The remarks were published in the United States and republished online by many media outlets in Ontario.
Breeden's lawyer has argued that Black, who is no longer a Canadian citizen, is engaging in "libel tourism" by bringing a lawsuit in the jurisdiction most likely to side in his favour.
In 2010, the Ontario Court of Appeal ruled the case could go ahead in Ontario, where Black owns a home and spent the majority of his professional life.
The defendants sought leave with Canada's top court to overrule that decision but on Wednesday, the court ruled their appeal should be dismissed — meaning Black is free to pursue his libel suit in Ontario.
"The Illinois court does not emerge as a clearly more appropriate forum than an Ontario court for the trial of the libel action," Justice Louis LeBel wrote on behalf of the court's unanimous 7-0 decision.
Black's legal team welcomed the news on Wednesday.
"Conrad Black is delighted about the decision of the Supreme Court of Canada, which today decided that the Ontario court has jurisdiction to take his claims brought in 2004 and 2005 against Richard Breeden and other former directors and officers of the company formerly known as Hollinger International Inc.," Black's lawyers said in a statement.
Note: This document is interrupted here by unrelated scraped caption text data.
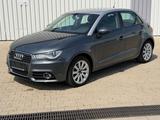 Audi A1 1.6 TDI S line Navigation 5-Türig - Audi A1: Türig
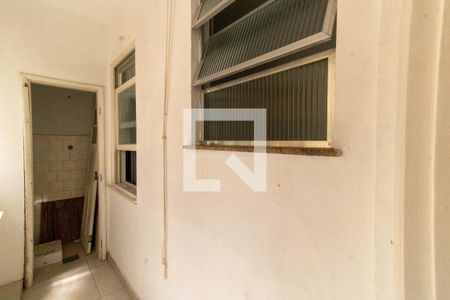 Apartamento à venda com 47m², 2 quartos e 1 vagaÁrea de Serviço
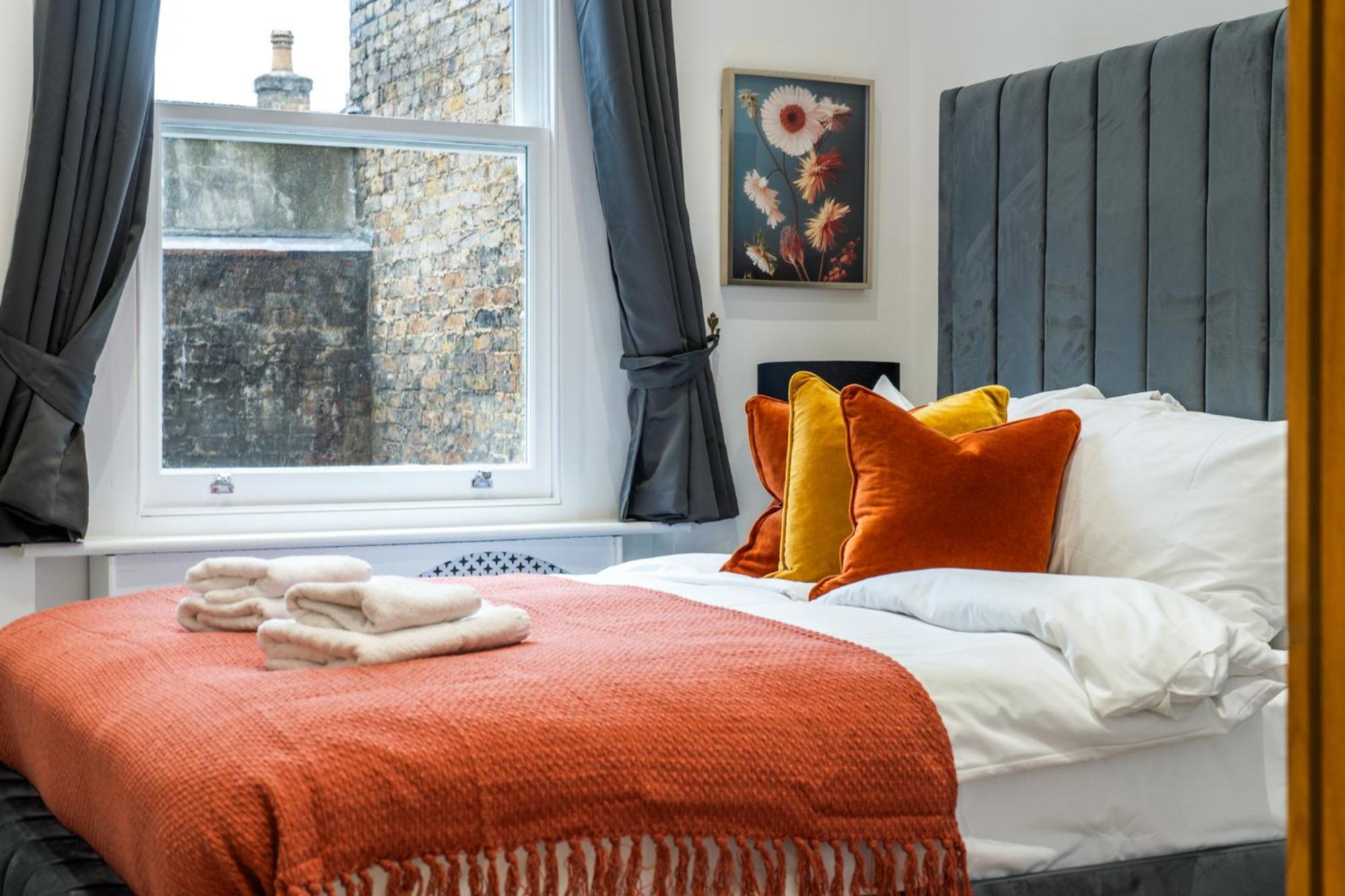 The Signature Residences London Ngoại thất bức ảnh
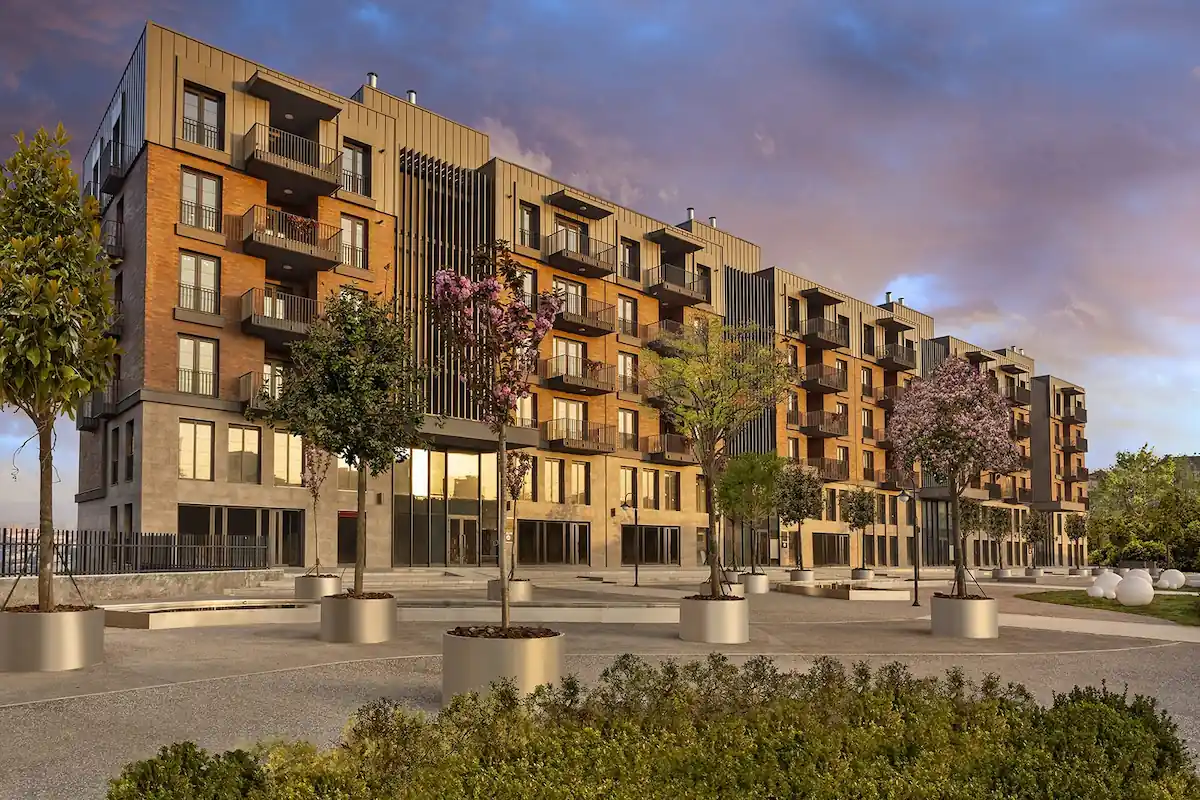 Image of Sinpas Umraniye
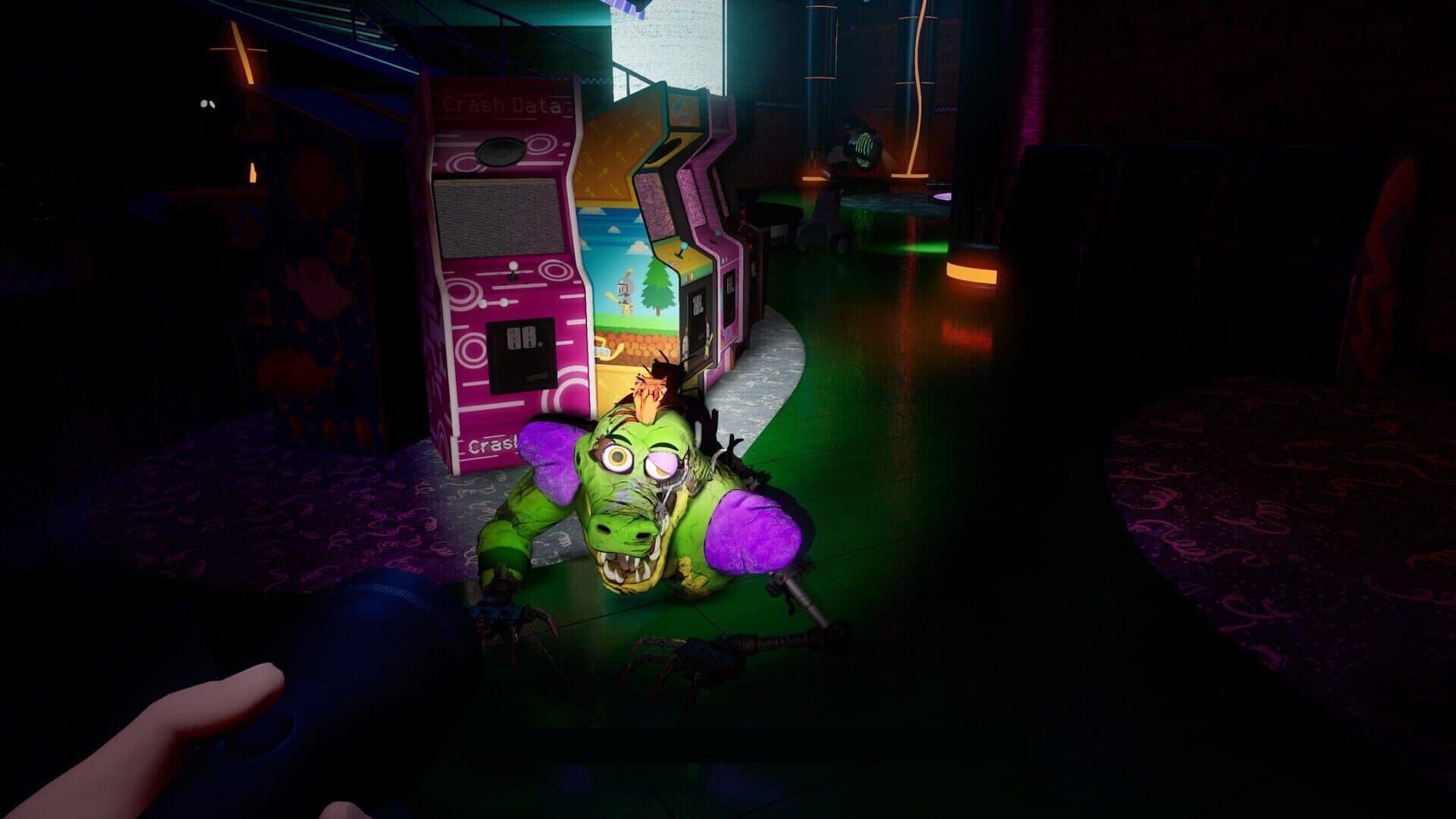 Screenshot 5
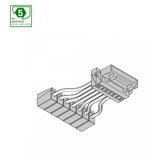 Limea Limea PRO trunking kontektor muЕЎki 047110 | Eponuda.com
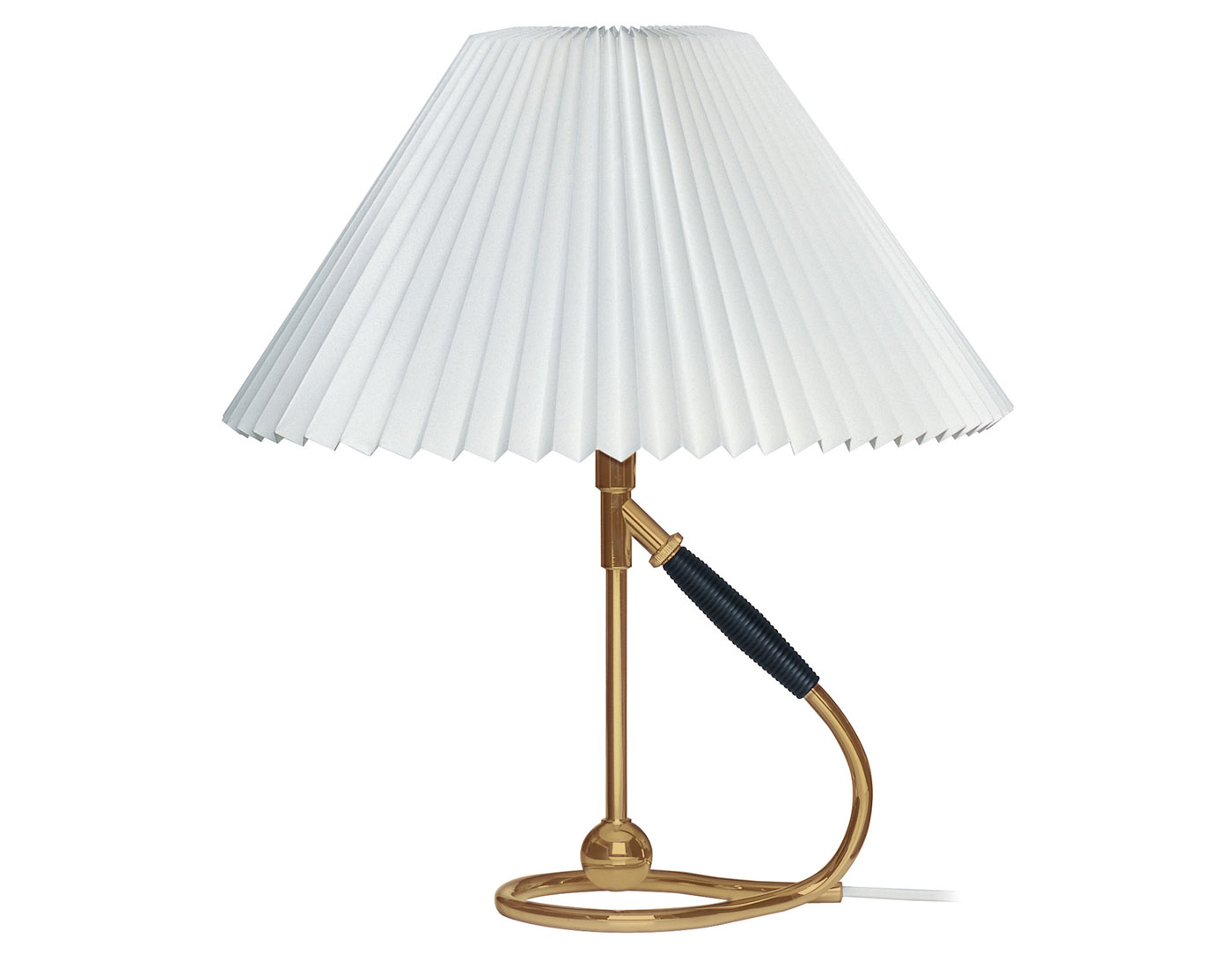 Model 306 Table Lamp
Black and his former associates agreed last summer to a memorandum of understanding to resolve their dispute.
"The settlement remains subject to court approvals in Ontario and Delaware and, once approved, disposes of these actions notwithstanding the Supreme Court's favourable decision today," the statement said.
Black is currently serving the remainder of his fraud sentence in a Florida prison. But he is set to be released as early as next month.